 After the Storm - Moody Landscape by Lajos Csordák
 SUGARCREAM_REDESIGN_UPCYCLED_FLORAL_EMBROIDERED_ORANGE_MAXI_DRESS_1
•••
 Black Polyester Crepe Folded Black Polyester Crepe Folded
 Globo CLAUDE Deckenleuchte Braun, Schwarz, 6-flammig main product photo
•••
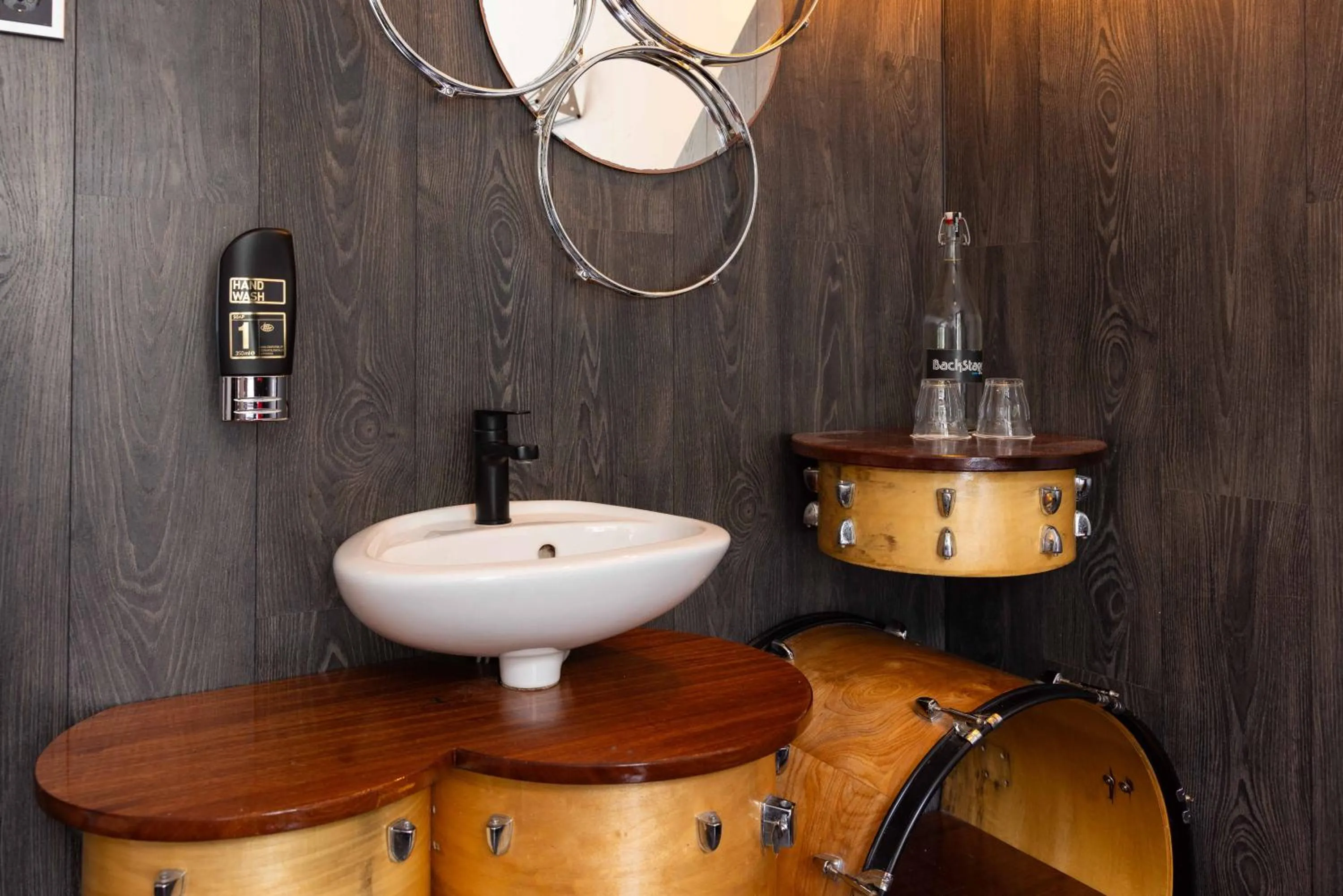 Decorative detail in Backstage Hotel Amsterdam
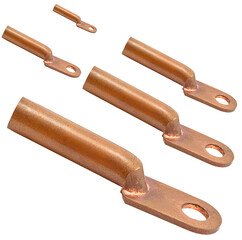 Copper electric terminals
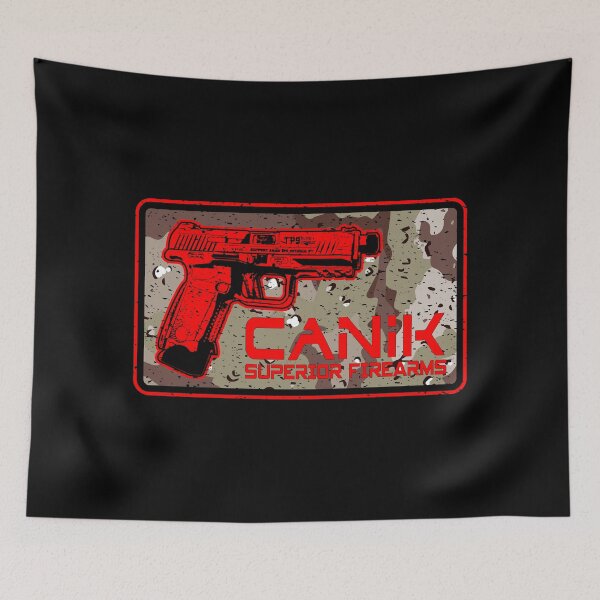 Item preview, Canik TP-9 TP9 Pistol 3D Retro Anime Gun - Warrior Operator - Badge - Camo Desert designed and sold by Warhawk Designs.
•••
**Exercise description**
Using the entries above, write out exactly the lines from the one with "Copper electric terminals" through the one with "Item preview, Canik", ends included. Leave out any pictures.

**Response below**
 Copper electric terminals
 Item preview, Canik TP-9 TP9 Pistol 3D Retro Anime Gun - Warrior Operator - Badge - Camo Desert designed and sold by Warhawk Designs.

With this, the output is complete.